Later on I tried to do ITG, which in comparison to DDR is incredibly hard. DDR is for babies when compares to ITG.
DDR hardest song:
Itg: Piece of Poetry, harder than any and all songs combined in DDR.(This isn't even the hardest thing in ITG, I came close to passing this myself 10 steps away.)
This is a marathon song in ITG (Looks easy even =B)
This is just a comparison, but what qxc says is right. By practicing on something like that it would improve your gameplay overall as the training would tax you much more than playing. But one side effect to go from harder to slower is readjusting at times. I've actually failed an 8 step on DDR from playing it wrong =B even though I've passed one winged angel on ITG. One Winged Angel has 1900+ steps in it hardest songs in DDR don't even have 1k steps.
Anyway, I'd love a program like this myself, I'd use it to increase my effective apm. As I hate to spam APM and would rather just do what I have to do.
Hahahah. I had a similar thought inspired by DBZ a while a go:
Weighted training. So would you weight down your hands with some weights? I guess so but I was more thinking of mental weights. Like being drunk.
Imagine if you could work your way into the GM league, constantly drunk. Then when you enter a tournament or whatever, play completely sober. Suddenly everything would move soo much slower and decision making would be soo much clearer.
That's the theorey anyway. Haven't put it into practice yet.
I think your idea might be connected to the origins of SC and BW being played faster from "normal" to "fastest" settings, but I'm not very knowledgeable in that area.

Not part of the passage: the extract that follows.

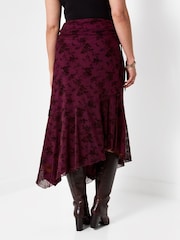 Joe Browns Red Floral Flocked Asymmetric Skirt With Lace Up Detail - Image 4 of 8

I am however, under the impression that the proper equivalent of the idea you're trying to propose would be something more akin to the "team melee" option. If I recall correctly, some BW progamers would train to combat Flash's unparalleled multitasking abilities by using team melee and having 2 progamers take control of 1 Terran increasing the difficulty of their training.
The same idea carries over in SC2 in that you want to be training against opponents that can do more within the standard competitive time frame (e.g. "faster" setting) and not play against an opponent that doesn't do anything more, but that time simply moves faster. The difference could be demonstrated in a player gaining more training benefit from playing Korean ladder players who seemingly have "more stuff" and "better control" than their AM counter-parts. If this player would have adopted your idea, then he would simply be playing the same AM ladder players who have "less stuff" and "less control" but everything would just be abbreviated and he would still not be able to handle the Korean players.
Being that SC2 is less mechanically demanding than BW, weighted training could take a bigger emphasis on preparation and decision making rather than pure mechanics. For example, instead of focusing on APM, focusing on unit control (e.g. similar to unit tester maps we currently have, but instead have "modified tournament maps" where a player could start with X number of Y units and play out a common scenario over and over again like holding off/executing a cheese, etc. OR even load the same mid/late-game scenario with different units to see what a good unit match-up/potential timing could be).
If I'm not mistaken, players like Flash spent periods in their careers where they played less games than their counter-parts and focused more on thinking through situations so their thought process and decision making would be refined along with their mechanics. It goes without saying though that, "less" in this case is strictly a relative thing. Like the history of the human race is a very short period of time relative to the existence of the universe, sort of relative thing.